Problem: Of the entries below, restate word for word only the section that runs from the line with "Detailed size specifications" to the line with "Friends working in a cafe illustration", counting both ends.

Supplied data:
>>>
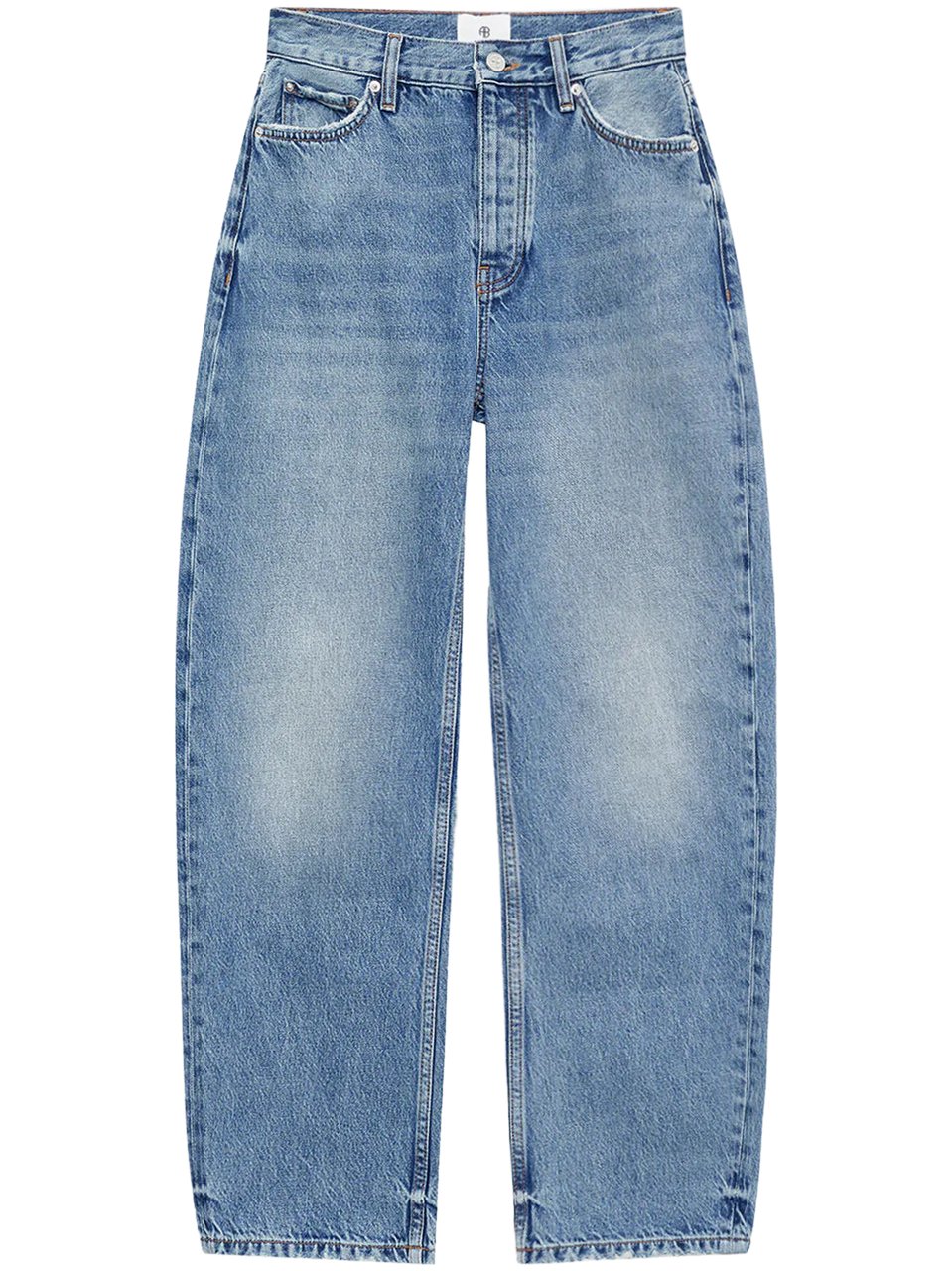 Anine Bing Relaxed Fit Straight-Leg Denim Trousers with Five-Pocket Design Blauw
<<<
>>>
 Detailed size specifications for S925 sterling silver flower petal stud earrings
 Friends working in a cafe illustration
<<<
Your response:
 Detailed size specifications for S925 sterling silver flower petal stud earrings
 Friends working in a cafe illustration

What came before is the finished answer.